2331. Evaluate Boolean Binary Tree


Problem Description

In this problem, we're given the root of a full binary tree representing a boolean expression. This tree has two types of nodes: leaf nodes and non-leaf nodes. Leaf nodes can only have a value of 0 (representing False) or 1 (representing True). Non-leaf nodes, on the other hand, hold a value of either 2 (representing the OR operation) or 3 (representing the AND operation). The task is to evaluate this tree according to the following rules:

  • If the node is a leaf, its evaluation is based on its value (True for 1, and False for 0).
  • For non-leaf nodes, you need to evaluate both of its children and then apply the node's operation (OR for 2, AND for 3) to these evaluations.

The goal is to return the boolean result of this evaluation, starting at the root of the tree.

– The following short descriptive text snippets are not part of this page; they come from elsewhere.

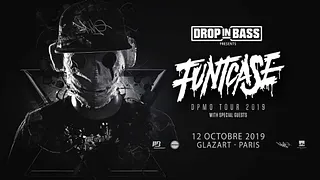Drop IN Bass presents Funtcase - Dpmo Tour 2019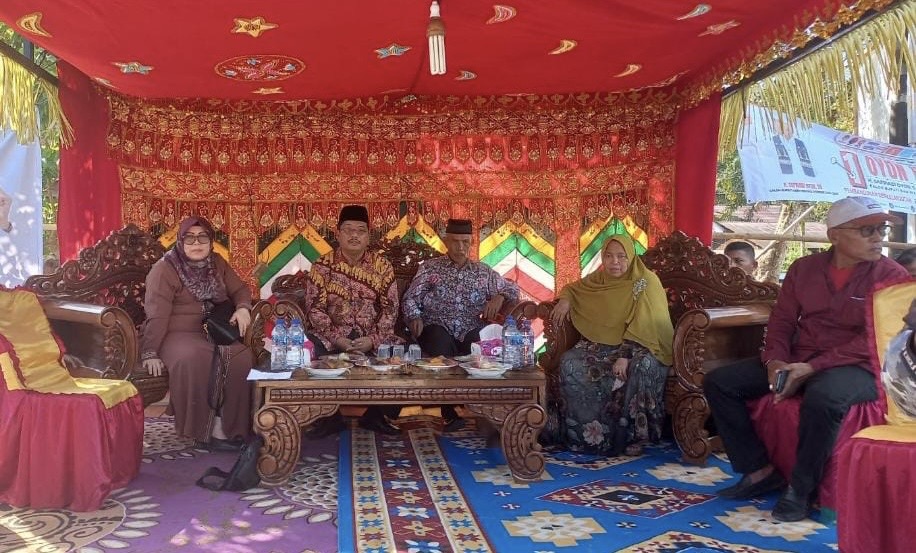 Calon Bupati Oyon Sebut Kebersamaan Pondasi Meraih Kemenangan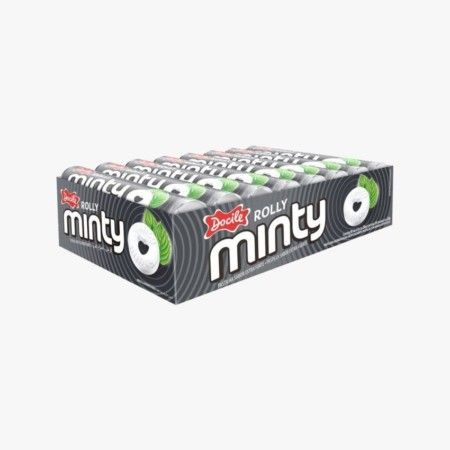 DOCILE-PAST.ROLLY MINTY EXTRAFORTE 29G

A full binary tree, by definition, is a binary tree where each node has exactly 0 or 2 children. A leaf node is a node without any children.

Flowchart Walkthrough

Let's employ the algorithm Flowchart to determine the best approach for Leetcode problem 2331, Evaluate Boolean Binary Tree. Here's a step-by-step analysis:

Is it a graph?

  • Yes: A binary tree is a type of graph.

Is it a tree?

  • Yes: Specifically, the problem is based on a binary tree structure.

Using the flowchart, when we ascertain that the structure is a tree, the subsequent decision step or node related to trees directly navigates us to use Depth-First Search (DFS) as the approach.

Conclusion: According to the flowchart, Depth-First Search (DFS) is recommended for tree-based problems like evaluating a Boolean binary tree.

Intuition

The solution to this problem lies in recursion, which matches the tree's structural nature. We will perform a post-order traversal to evaluate the tree – this means we first evaluate the child nodes, and then we apply the operation specified by their parent node. Here's how we can think about our approach:

  1. If we reach a leaf node (a node with no children), we return its boolean value (True for 1, False for 0).
  2. If the node is not a leaf, it will have exactly two children because the tree is a full binary tree. We evaluate the left child and the right child first (recursively calling our function).
  3. Once both children are evaluated, we perform either an OR operation if the node's value is 2 or an AND operation if the node's value is 3.
  4. We continue this process, working our way up the tree, until we reach the root.
  5. The result of evaluating the root node gives us the answer to the problem.

This recursive algorithm effectively simulates the process of evaluating a complex boolean expression, starting from the most basic sub-expressions (the leaf nodes) and combining them as specified by the connecting operation nodes.

Learn more about Tree, Depth-First Search and Binary Tree patterns.

Solution Approach

The solution is based on a simple recursive tree traversal algorithm. The evaluateTree function is a recursive function that evaluates whether the boolean expression represented by the binary tree is True or False. Let's take a deeper dive into the implementation steps and algorithms used:

  1. Base Case (Leaf Nodes): If we come across a leaf node (which has no children), the evaluateTree function simply returns the boolean equivalent of the node's value. In Python, the boolean value True corresponds to an integer value 1, and False corresponds to 0. Hence, bool(root.val) is sufficient to get the leaf node's boolean value.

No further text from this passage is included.